2011 Draft Class: Rickard Rakell
Plymouth Whalers winger ranks 30th among North American skaters by CSS
It was an opportunity for everyone to learn more and open the door to potential NHL careers through interviews, public exams and so much more.
The North American skater pool is deep with talent from across the world, but Sweden's Rickard Rakell has turned heads following his move to the OHL last season. An impressive showing in Toronto certainly helped bring attention to his top-notch resume.
The Plymouth Whalers rookie completed the 2010-11 season having collected 19 goals and 43 points in only 49 games. Coming overseas has proved challenging for others in the past, but Rakell established immediate success in his new North American home.

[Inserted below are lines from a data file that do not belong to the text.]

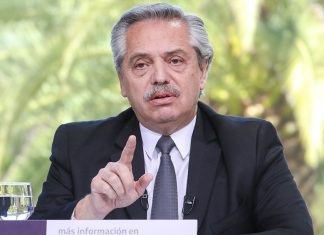 El gobierno confirmó que comprará la vacuna rusa sputnik 25 millones de dosis de la vacuna rusa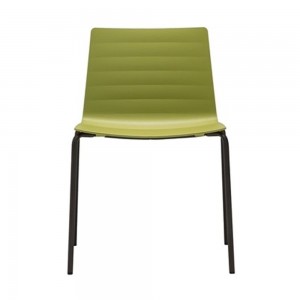 Silla Flex Andreu World. Sillas modernas ideales para exteriores.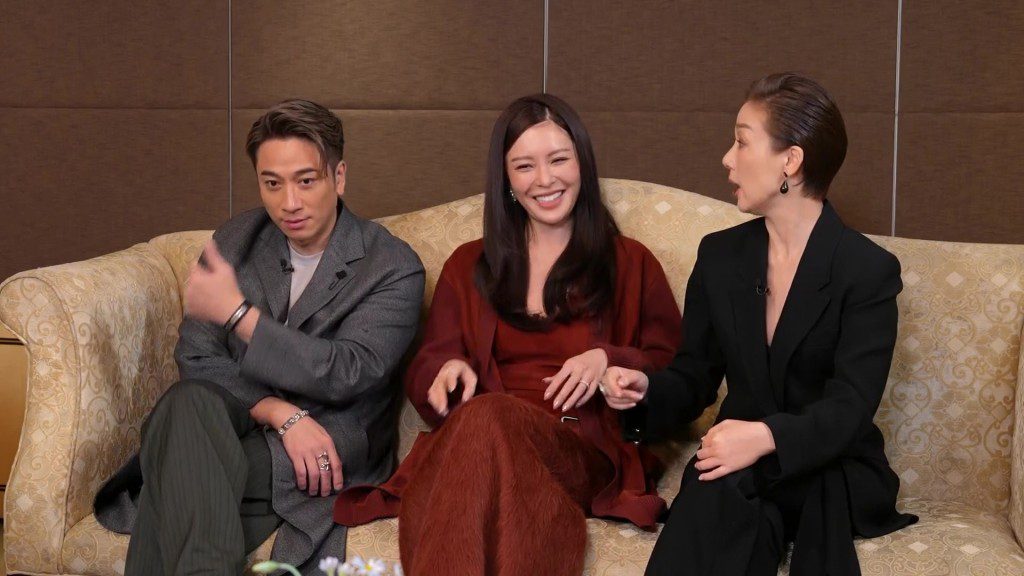 江美儀與張曦雯、吳卓羲在梳化上輕鬆對談,氣氛愉快。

"I'm very happy with my year in Plymouth," he said. "Early on I didn't really have any expectations or long-term goals. I only wanted to learn."
That changed later in the season when he saw an opportunity to catch and surpass the rookie totals of Kitchener's Gabriel Landeskog, who recorded 46 points in 61 games during the 2009-10 season.

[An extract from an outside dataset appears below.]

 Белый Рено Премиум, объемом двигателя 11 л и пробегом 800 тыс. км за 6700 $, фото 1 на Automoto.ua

Perhaps it was a benchmark based on national pride, but Rakell said it was a target intended for fun.
"I missed him by three points," he laughed. "But I played 12 less games than he did. It doesn't bother me.
"I had some part-goals early in the year, like making the team and then trying new things once I was able to get accustomed to the North American style. It's good to look back and see that I exceeded my own expectations."
Personal success came quickly, but as most players would agree, producing as a team has top priority. The Whalers did that, winning a post-season round and, in the process, developing several promising players for next season and beyond. All things considered, Plymouth's future is looking good.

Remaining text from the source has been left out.